The example model built in this notebook comes from this [Kaggle competition](https://www.kaggle.com/c/shelter-animal-outcomes). Find the original code from the model used in this notebook [here](https://jovian.ai/aakanksha-ns/shelter-outcome).   

In [1]:
import chassisml
import torch
import getpass
import pandas as pd
import numpy as np
from collections import Counter
from sklearn.model_selection import train_test_split
from sklearn.preprocessing import LabelEncoder
import torch
from torch.utils.data import Dataset, DataLoader
import torch.optim as torch_optim
import torch.nn as nn
import torch.nn.functional as F
from torchvision import models
from io import StringIO
from datetime import datetime

## Enter credentials
Dockerhub creds and Modzy API Key

In [2]:
dockerhub_user = getpass.getpass('docker hub username')
dockerhub_pass = getpass.getpass('docker hub password')
modzy_api_key = getpass.getpass('modzy api key')

docker hub username········
docker hub password········
modzy api key········


## Train Model 

#### Data Preprocessing

In [3]:
# load data
train = pd.read_csv('./data/animal-shelter-outcomes/train.csv')
test = pd.read_csv('./data/animal-shelter-outcomes/test.csv')

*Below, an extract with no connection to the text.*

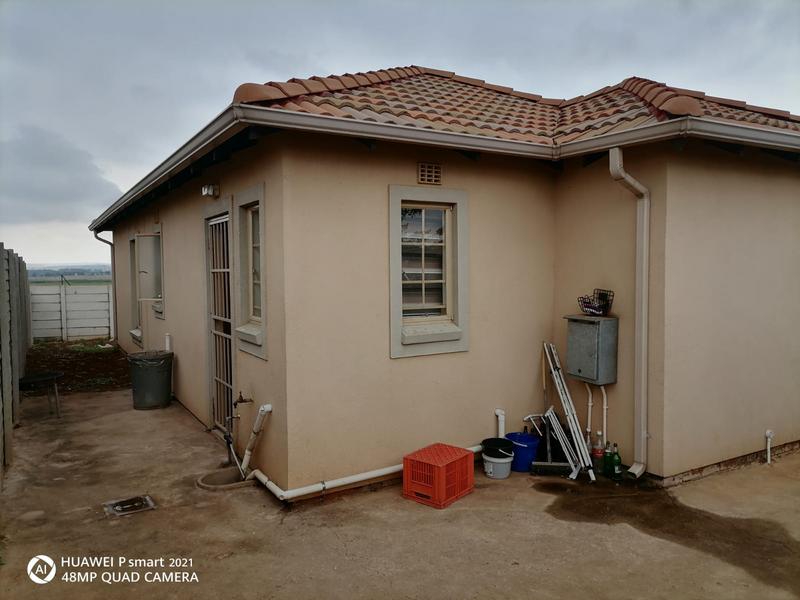 To Let 3 Bedroom Property for Rent in Sky City Gauteng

# drop irrelevant columns and stack train & test sets
train_X = train.drop(columns= ['OutcomeType', 'OutcomeSubtype', 'AnimalID'])
Y = train['OutcomeType']
test_X = test
stacked_df = train_X.append(test_X.drop(columns=['ID']))
stacked_df = stacked_df.drop(columns=['DateTime'])

# drop columns with many null values
for col in stacked_df.columns:
    if stacked_df[col].isnull().sum() > 10000:
        stacked_df = stacked_df.drop(columns = [col])
        
# label encoding
for col in stacked_df.columns:
    if stacked_df.dtypes[col] == "object":
        stacked_df[col] = stacked_df[col].fillna("NA")
    else:
        stacked_df[col] = stacked_df[col].fillna(0)
    stacked_df[col] = LabelEncoder().fit_transform(stacked_df[col])
    
# make all variables categorical
for col in stacked_df.columns:
    stacked_df[col] = stacked_df[col].astype('category')

# split train from test again
X = stacked_df[0:26729]
test_processed = stacked_df[26729:]

#check if shape[0] matches original
print("train shape: ", X.shape, "orignal: ", train.shape)
print("test shape: ", test_processed.shape, "original: ", test.shape)

train shape:  (26729, 5) orignal:  (26729, 10)
test shape:  (11456, 5) original:  (11456, 8)


In [4]:
# Create small sample data csv for testing later
sample_test = test[:5]
with open("./data/animal-shelter-outcomes/sample_data.csv", "w") as sample_data:
    sample_test.to_csv(sample_data, index=False, line_terminator="\n")

In [5]:
# Assign encoding target
Y = LabelEncoder().fit_transform(Y)

# split dataset into train/val
X_train, X_val, y_train, y_val = train_test_split(X, Y, test_size=0.10, random_state=0)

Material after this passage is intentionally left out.